Subsistence and Commercial Activities . Maring subsistence is based upon slash-and-burn gardening, pig husbandry, and some hunting and gathering in the rain forest, as well as fishing—primarily for eels—in the rivers of the territory. Gardens are planted with taro, sweet potatoes, manioc, and bananas. Also grown are sugarcane, pandanus, and a variety of greens. Maize has been introduced to the region. Pig husbandry is of great importance, but Maring do not breed pigs domestically. Rather, all male pigs are castrated young in order to ensure that they will attain large size. Female pigs may breed with feral boars, but this is prevented whenever possible, again with an eye to assuring greater growth. Instead, pig herds are increased primarily through trade. Hunting and gathering also contribute to the subsistence economy, but to a markedly lesser extent. Nonetheless, hunting is considered to be a highly prestigious male activity. Eeling is important, as eels are a significant ritual food. In the past, Maring manufactured salt for trade.

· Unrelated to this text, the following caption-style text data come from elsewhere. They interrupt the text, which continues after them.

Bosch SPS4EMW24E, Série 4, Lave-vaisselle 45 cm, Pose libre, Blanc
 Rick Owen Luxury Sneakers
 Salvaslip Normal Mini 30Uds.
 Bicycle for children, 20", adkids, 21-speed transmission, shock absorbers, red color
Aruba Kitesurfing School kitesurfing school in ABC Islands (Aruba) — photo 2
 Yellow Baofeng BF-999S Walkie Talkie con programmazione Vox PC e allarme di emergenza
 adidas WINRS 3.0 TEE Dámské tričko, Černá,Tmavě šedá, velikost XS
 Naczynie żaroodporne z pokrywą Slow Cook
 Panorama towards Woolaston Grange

Industrial Arts. Maring use simple technology: digging sticks, axes, and bush knives are the only gardening tools; bows and arrows and snares, as well as pits and deadfalls, are used in hunting; and spears, axes, and wooden shields complement the bows and arrows as weapons of war. Other items of local manufacture include net bags, aprons, loincloths, caps, waistbands, and armbands. Maring trade for steel tools, as they did for their earlier stone versions. Containers are made of hollowed gourds and bamboo tubes.
Trade. Much, if not most, circulation of goods is carried out through participation in relationships of exchange within the clan cluster, or between two clan clusters. However, Maring traditionally traded salt outside of Maring territory with peoples to their south in order to acquire stone tools, pigs, feathers, shells, and some furs. Most exchange relations, however, are between a man and his wife's agnates, his sisters' husbands' kin, his mother's agnatic kin, and the agnatic kin of his daughters' husbands. In recent years, interclan markets have been introduced. The items sold at these markets are principally foodstuffs, both raw and cooked, and while these markets are patterned after "modern" ones, they in fact simply provide a new forum for essentially balanced exchanges between individuals.
Division of Labor. Maring men fell trees, build houses and fences, hunt, and fish for eels. Women do the bulk of the gardening work, weeding, harvesting, and the burning off of used plots to clear them of refuse. Women and young children also handle the responsibilities of pig rearing, but men butcher the meat. Gardening is done in male-female pairs consisting of husband and wife, brother and sister, or daughter and widowed father. An individual will participate in several such pairs simultaneously. Child care is a woman's task.
Land Tenure. All gardening lands are held in the name of the clan cluster and subclan, and individuals ostensibly have access to that land only through membership therein. However, a nonmember of a clan cluster may be granted access to land on the basis of recent or historic marriage relations between the two clan clusters.